→ **What you should do**:
With pictures removed, output every record below exactly as written.

→ **Exercise inputs**:
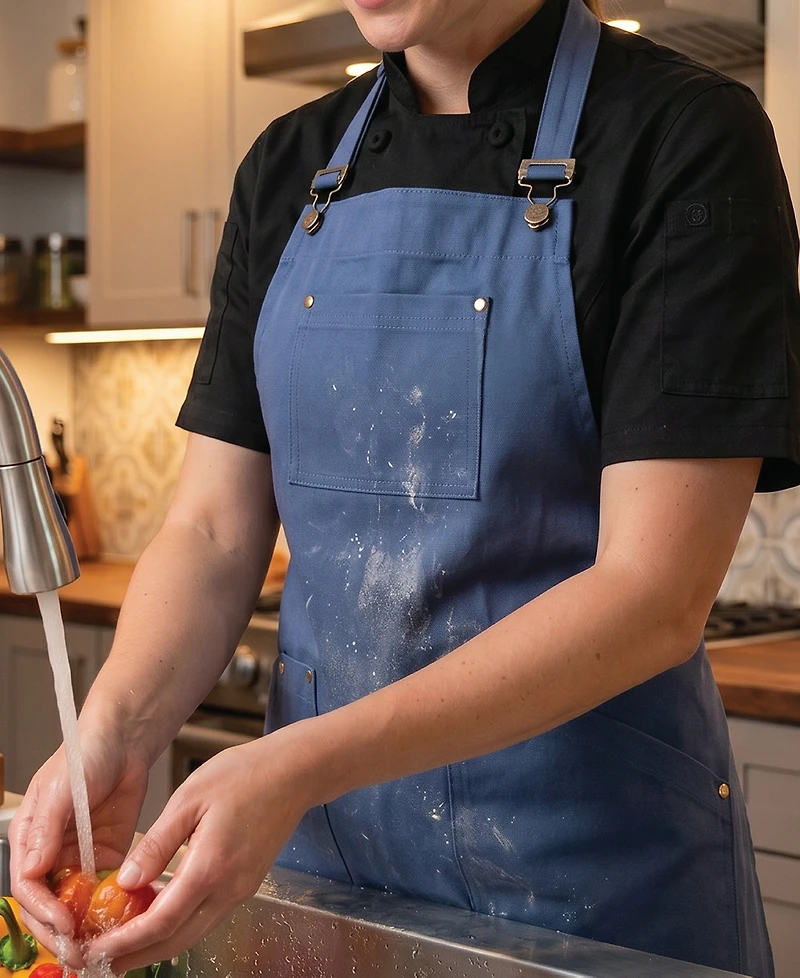 Cat Cora Heavyweight Cotton Canvas 28" Adjustable Kitchen Apron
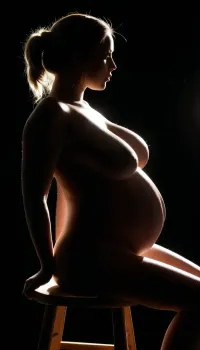 Eleganza senza tempo: un ritratto iperrealistico in nero e retroilluminazione - un racconto di femminilità e gravidanza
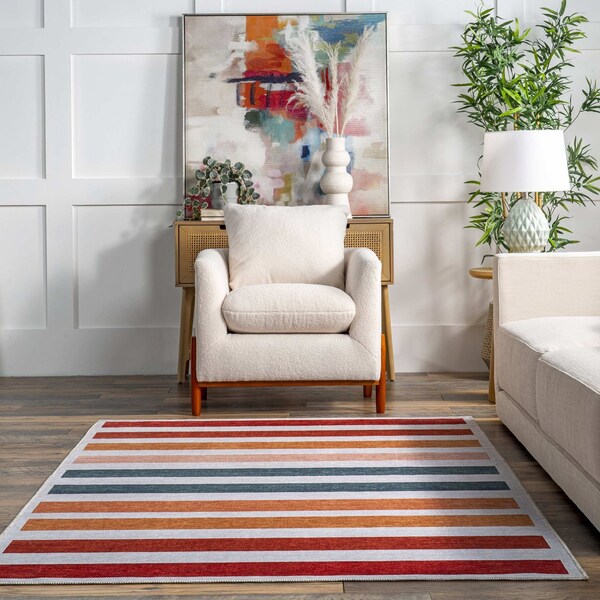Nuloom Colorful Striped Machine Washable Kids Area Rug 5ft x 8ft - KFFX11A-508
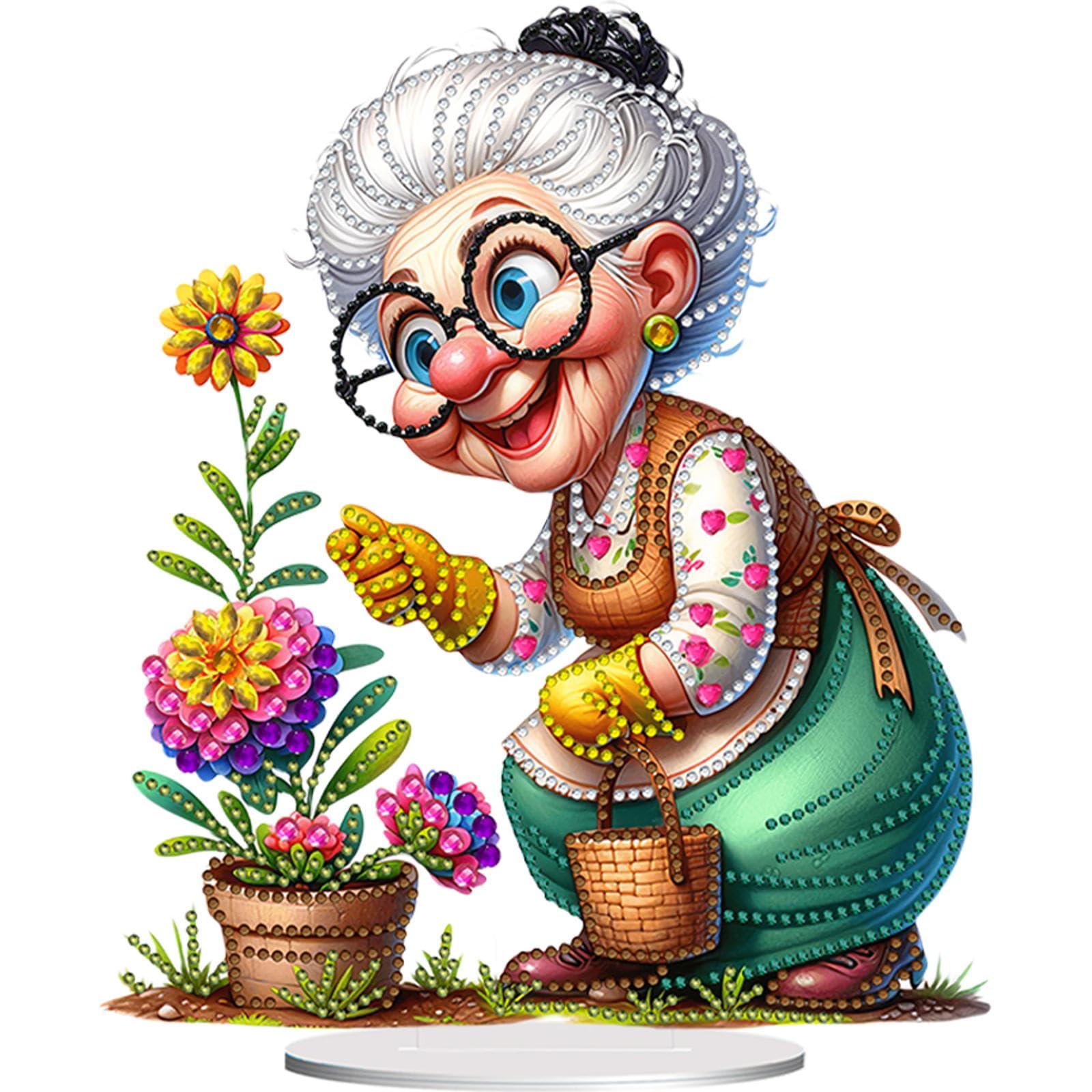 Acrylic Special Shaped Grandma Leisure Time Table Top Diamond Painting Ornament Kits Diamond Painting Desktop Ornaments Kit for Table Decoration (KJ0349)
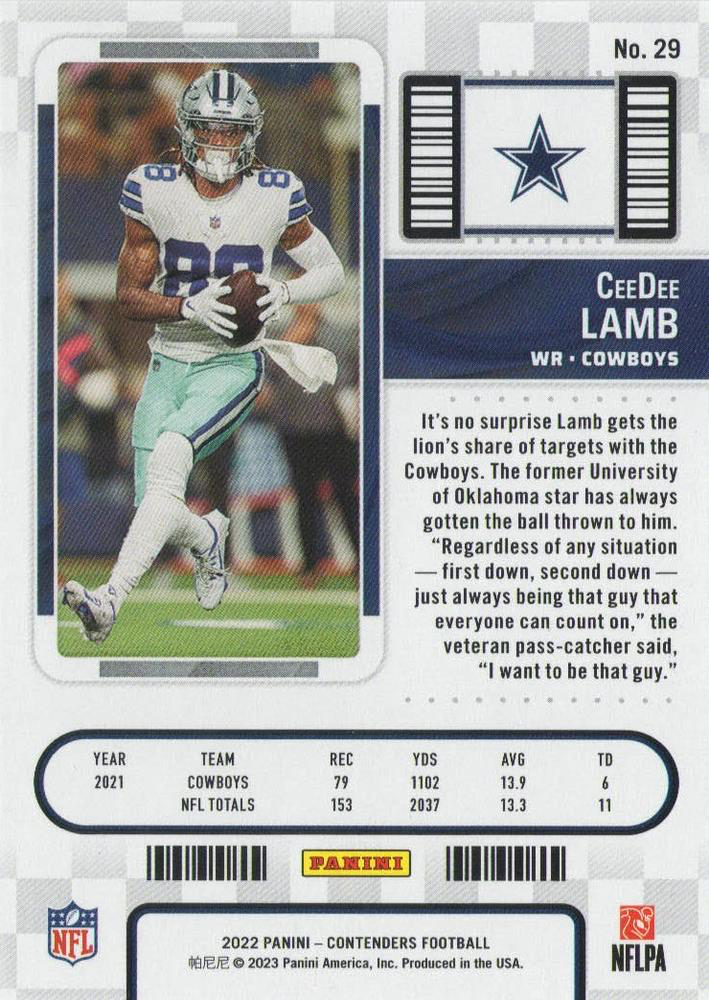 2022 Panini Contenders CeeDee Lamb Dallas Cowboys #29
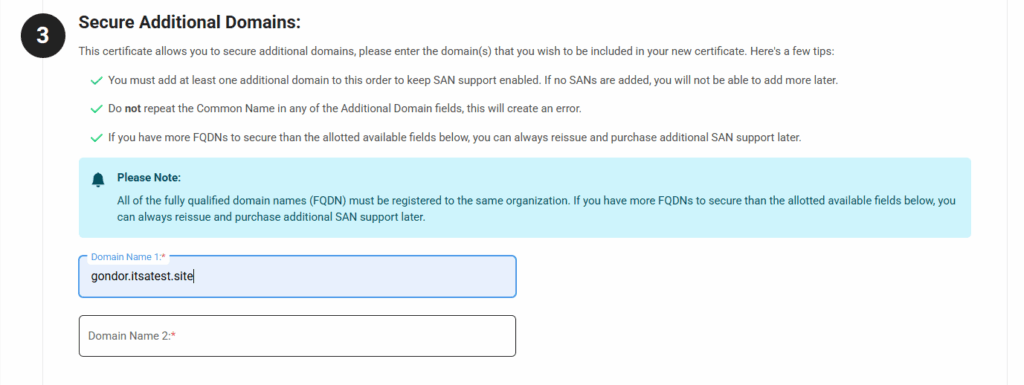 A screenshot showing where to add additional domains in the certificate enrollment process in CertPanel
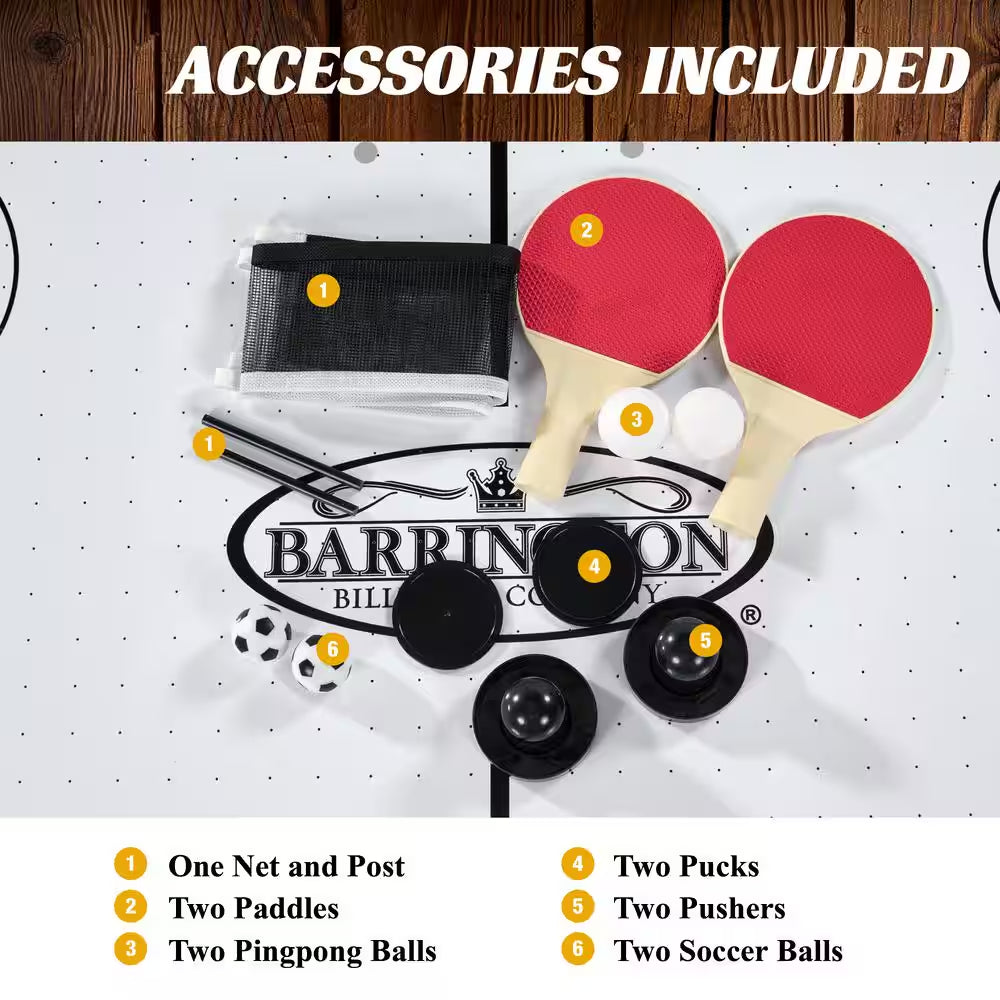 Urban Collection 54 In. 3-In-1 Combination Game Table with Air Powered Hockey, Foosball and Table Tennis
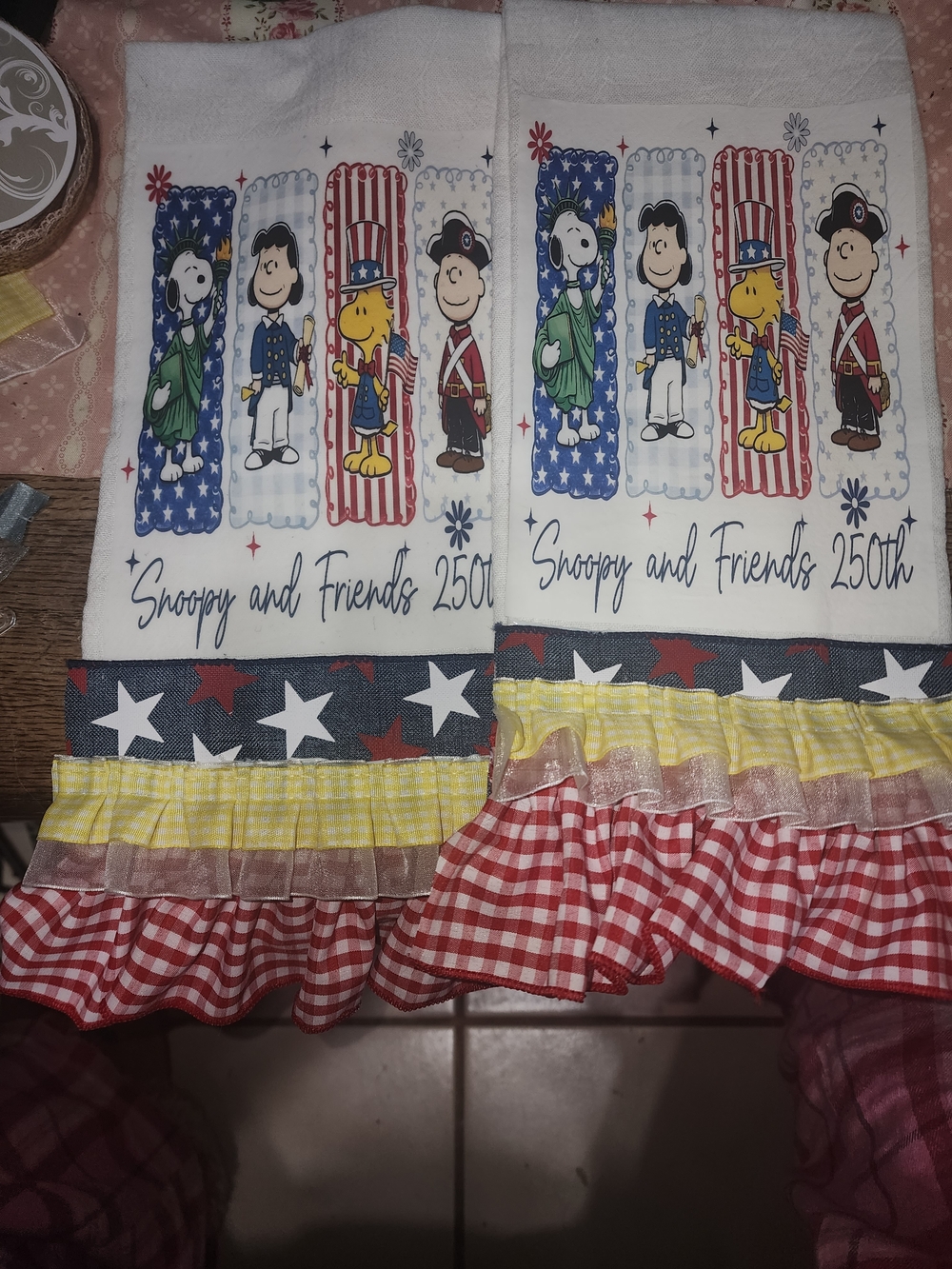 Peanuts Snoopy & Friends 250th Red White Blue Kitchen Towels - Set of 2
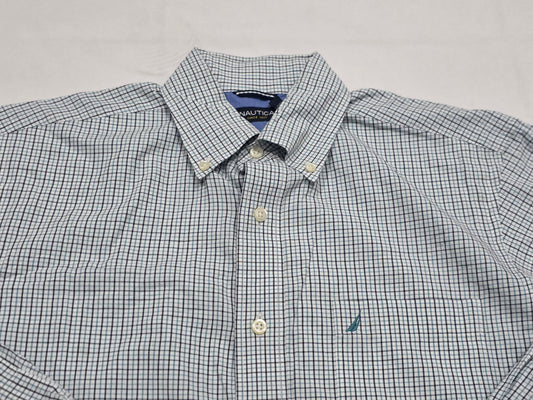 Camisa Nautica Mediana M Cuadro Aul Y Blanco (Usado)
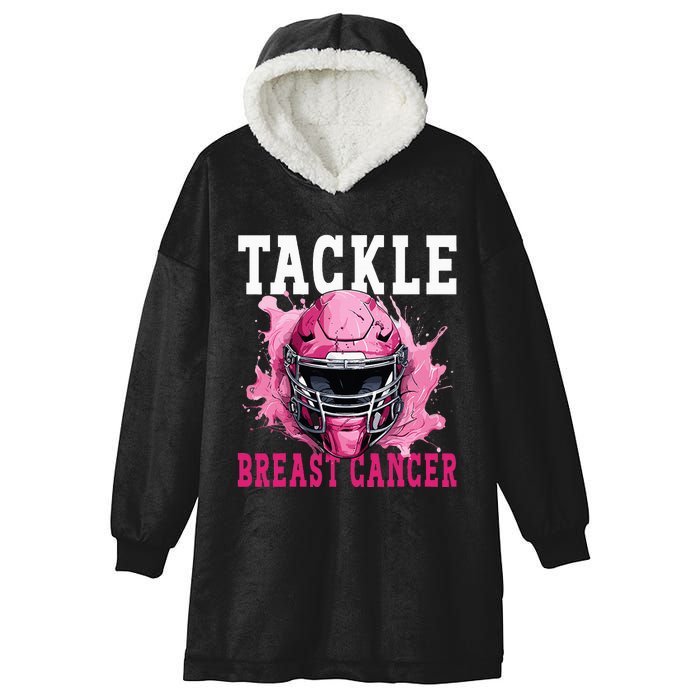 Tackle Football Breast Cancer Awareness Pink Ribbon Kids Hooded Wearable Blanket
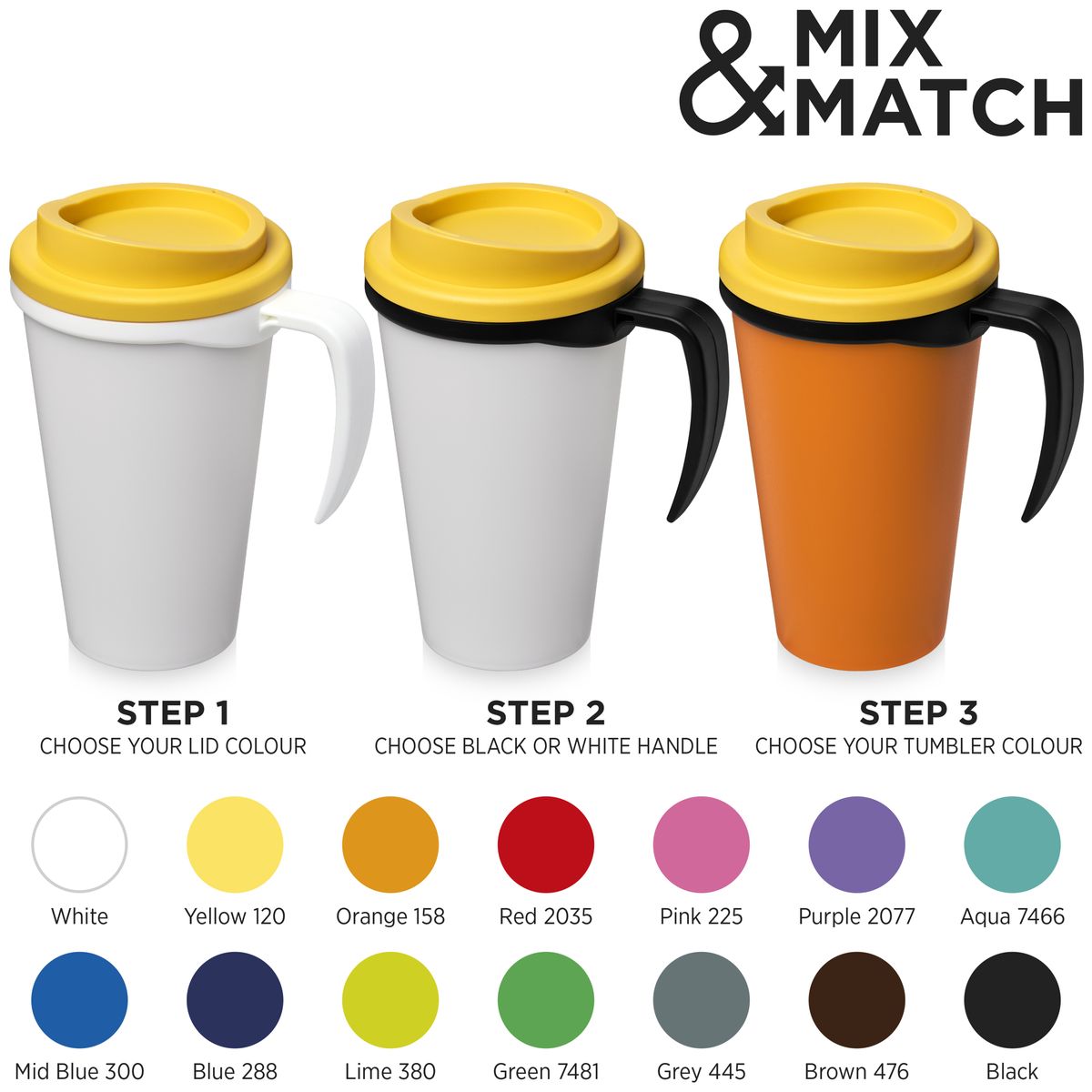 Tazas térmicas de plástico con tapa de rosca, 350 ml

→ **Answer space**:
 Cat Cora Heavyweight Cotton Canvas 28" Adjustable Kitchen Apron
 Eleganza senza tempo: un ritratto iperrealistico in nero e retroilluminazione - un racconto di femminilità e gravidanza
Nuloom Colorful Striped Machine Washable Kids Area Rug 5ft x 8ft - KFFX11A-508
 Acrylic Special Shaped Grandma Leisure Time Table Top Diamond Painting Ornament Kits Diamond Painting Desktop Ornaments Kit for Table Decoration (KJ0349)
 2022 Panini Contenders CeeDee Lamb Dallas Cowboys #29
 A screenshot showing where to add additional domains in the certificate enrollment process in CertPanel
 Urban Collection 54 In. 3-In-1 Combination Game Table with Air Powered Hockey, Foosball and Table Tennis
 Peanuts Snoopy & Friends 250th Red White Blue Kitchen Towels - Set of 2
 Camisa Nautica Mediana M Cuadro Aul Y Blanco (Usado)
 Tackle Football Breast Cancer Awareness Pink Ribbon Kids Hooded Wearable Blanket
 Tazas térmicas de plástico con tapa de rosca, 350 ml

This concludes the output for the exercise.